We report that 7 days of sub-chronic supplementation of BLN prior to and immediately before a 30-min TT modestly improves power output, distance traveled, exercise efficiency, and blood flow without altering serum NOx bioavailability, serum markers of inflammation and oxidative stress, and/or hematopoiesis. These observed improvements in said performance parameters, although statistically small to moderate in magnitude and perhaps due to the fact that the tested group was highly trained, are in reasonable accord with previously published reports on BLN supplementation and further support the hypothesis that BLN may be of potential benefit to competitive athletes. In this regard, the observed changes in distance traveled (0.33 km (− 0.08 to 0.74); p = 0.064), although relatively small at first glance, could afford a practical advantage to competitive cyclists.

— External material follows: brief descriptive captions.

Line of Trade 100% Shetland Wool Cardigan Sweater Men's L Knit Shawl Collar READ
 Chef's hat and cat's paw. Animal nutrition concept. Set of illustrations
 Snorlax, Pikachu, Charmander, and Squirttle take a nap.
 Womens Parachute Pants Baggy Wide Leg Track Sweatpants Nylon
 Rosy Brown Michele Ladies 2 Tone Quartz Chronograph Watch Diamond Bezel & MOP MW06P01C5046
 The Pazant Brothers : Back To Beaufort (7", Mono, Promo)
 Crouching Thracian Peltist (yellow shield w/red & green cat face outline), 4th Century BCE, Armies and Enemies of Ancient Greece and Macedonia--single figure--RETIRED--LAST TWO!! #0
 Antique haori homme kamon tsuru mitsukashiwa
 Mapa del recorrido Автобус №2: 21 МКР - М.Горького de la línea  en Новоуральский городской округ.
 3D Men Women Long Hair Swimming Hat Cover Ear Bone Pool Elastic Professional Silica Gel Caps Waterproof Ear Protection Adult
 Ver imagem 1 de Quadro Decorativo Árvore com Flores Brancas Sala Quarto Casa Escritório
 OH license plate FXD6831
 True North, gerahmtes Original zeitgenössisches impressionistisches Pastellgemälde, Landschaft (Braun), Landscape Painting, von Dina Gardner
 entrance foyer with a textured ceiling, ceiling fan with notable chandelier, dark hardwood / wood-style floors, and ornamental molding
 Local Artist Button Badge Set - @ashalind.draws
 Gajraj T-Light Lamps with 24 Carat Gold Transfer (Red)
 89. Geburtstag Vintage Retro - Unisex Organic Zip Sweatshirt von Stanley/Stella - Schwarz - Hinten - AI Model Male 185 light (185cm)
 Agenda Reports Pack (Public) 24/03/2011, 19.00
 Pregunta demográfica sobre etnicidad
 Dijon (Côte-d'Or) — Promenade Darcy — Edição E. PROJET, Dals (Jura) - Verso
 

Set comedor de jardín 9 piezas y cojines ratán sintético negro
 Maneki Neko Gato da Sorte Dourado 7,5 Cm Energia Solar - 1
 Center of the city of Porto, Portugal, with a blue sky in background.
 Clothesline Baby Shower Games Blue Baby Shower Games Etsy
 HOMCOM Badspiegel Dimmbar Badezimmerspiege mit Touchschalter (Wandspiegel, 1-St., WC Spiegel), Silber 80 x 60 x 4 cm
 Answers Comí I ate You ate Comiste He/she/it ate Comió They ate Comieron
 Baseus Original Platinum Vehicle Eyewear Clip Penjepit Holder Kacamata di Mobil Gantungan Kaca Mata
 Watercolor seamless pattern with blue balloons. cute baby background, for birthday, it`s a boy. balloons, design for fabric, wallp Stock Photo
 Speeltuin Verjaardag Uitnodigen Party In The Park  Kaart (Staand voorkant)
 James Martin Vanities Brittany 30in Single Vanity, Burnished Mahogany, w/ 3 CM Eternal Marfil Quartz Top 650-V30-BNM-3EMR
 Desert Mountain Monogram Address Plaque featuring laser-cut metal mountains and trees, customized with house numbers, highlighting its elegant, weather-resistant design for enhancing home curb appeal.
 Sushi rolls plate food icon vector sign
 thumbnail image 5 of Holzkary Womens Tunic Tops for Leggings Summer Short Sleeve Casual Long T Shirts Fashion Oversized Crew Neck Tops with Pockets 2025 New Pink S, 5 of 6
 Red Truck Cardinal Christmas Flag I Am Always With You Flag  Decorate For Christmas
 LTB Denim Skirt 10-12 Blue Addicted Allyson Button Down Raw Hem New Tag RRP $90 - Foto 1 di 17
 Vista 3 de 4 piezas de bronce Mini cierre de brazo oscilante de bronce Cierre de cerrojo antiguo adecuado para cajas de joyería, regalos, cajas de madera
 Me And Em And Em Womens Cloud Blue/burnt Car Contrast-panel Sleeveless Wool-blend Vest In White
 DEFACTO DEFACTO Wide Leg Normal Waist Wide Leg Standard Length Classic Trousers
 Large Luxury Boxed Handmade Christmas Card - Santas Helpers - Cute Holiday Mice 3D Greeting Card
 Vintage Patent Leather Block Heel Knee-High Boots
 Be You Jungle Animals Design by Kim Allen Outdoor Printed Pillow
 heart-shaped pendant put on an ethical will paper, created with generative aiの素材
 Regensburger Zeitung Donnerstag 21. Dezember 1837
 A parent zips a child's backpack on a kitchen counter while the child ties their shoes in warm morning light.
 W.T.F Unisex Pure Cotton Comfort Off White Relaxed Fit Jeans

For example, this change would represent approximately 100 additional meters traveled during a 5k TT which is of practical significance. It is interesting that BLN supplementation significantly improved exercise efficiency (W/ml/kg/min) during the last 5 min of the TT compared to PLA (p = 0.029, d = 0.45). Given that this is only the third study examining the potential ergogenic effects of BLN supplementation, we contend that more research is needed to examine the efficacy of this ingredient with more prolonged exercise as compared to “sprint” or “burst of energy” conditions, on a more diverse study population, or a larger population, and possibly with different dosing strategies.